The Morning After The Fire Swept Through
Shoshana Wayne Gallery is pleased to present The Morning After The Fire Swept Through, a solo exhibition by Ashwini Bhat. This body of work continues Bhat’s ongoing, field-based project Assembling California, a deeply personal and ecological mapping of presence, transformation, and ritual.
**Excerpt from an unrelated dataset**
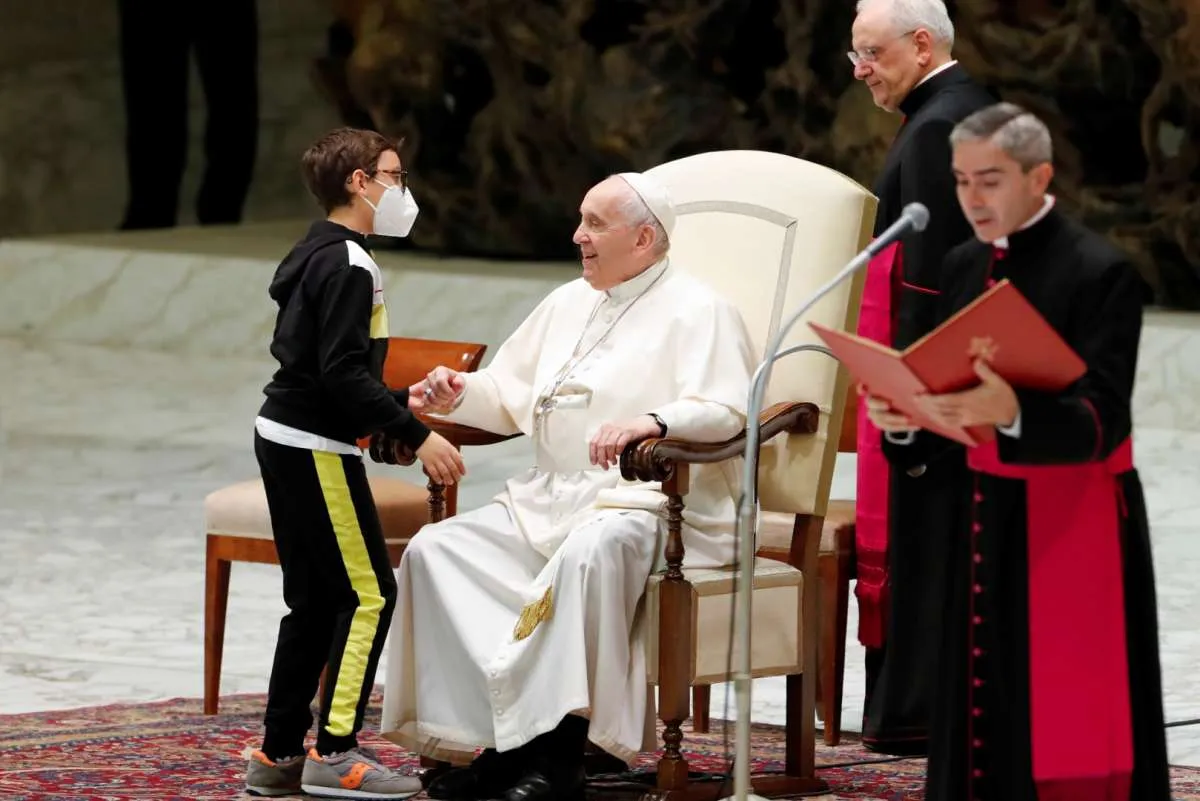 Masih Pemulihan dari Penyakit Lutut, Paus Fransiskus Batalkan Perjalanan ke Afrika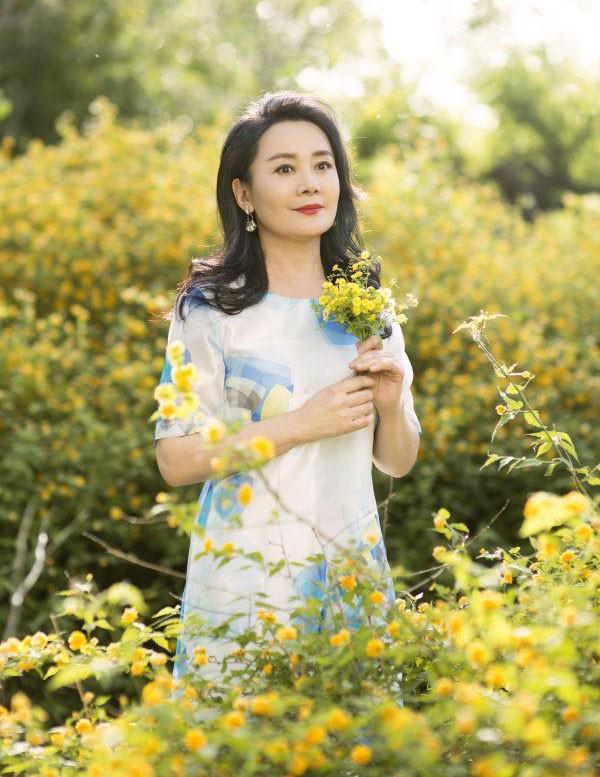 发现岁月从不败美人60岁反而更美开元棋牌看了娜仁花的老年打扮才(图4)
The exhibition features new bronze and ceramic sculptures, photographs, sound, and text, created in close relationship with the land Bhat inhabits in Northern California. Since relocating from Southern India to the Bay Area during the 2017 Tubbs Fire, the artist has embedded her practice within the rhythms of the land and the aftershocks of catastrophe.“ It was a violent introduction,” Bhat reflects, “but the resilience of both the community and the redwoods inspired me to stay. I grounded my life and my practice here literally in the bay mud.”
Living off-grid in the foothills of Sonoma Mountain with her partner, poet Forrest Gander, Bhat has spent recent years restoring their property to native habitat and observing the slow, often imperceptible cycles of nature. Her work has evolved in tandem with this attentiveness, moving inward: “The project became an inward search, a quiet animistic calibration of self with land, body with form.”
Bhat returned to simple, grounding rituals. “Each morning I walked with my cats, then entered the studio and rolled a small ball of clay in my palms—just to feel something,” she says. These gestures became 108 beads forming a spiral rosary in clay and bronze, joined by breast-shaped seed pods, cast Rudraksha, and calla lilies.
The calla lily emerges as a central motif throughout the exhibition. Though non-native, the plant thrives on Bhat’s land, dying back in the fall only to return each spring. “Dormancy,” she writes, “is not absence. It is self-containment. A sovereignty.” Her sculptures trace the calla’s life cycle—bud, bloom, burst, as metaphors for sensuality, decay, and regeneration. Many rise from imagined wildfire, using scorched earth as their origin. Others recall artistic and spiritual lineages, from Georgia O’Keeffe to the 12th-century mystic Akka Mahadevi, who walked naked into the forest to find the sacred in trees.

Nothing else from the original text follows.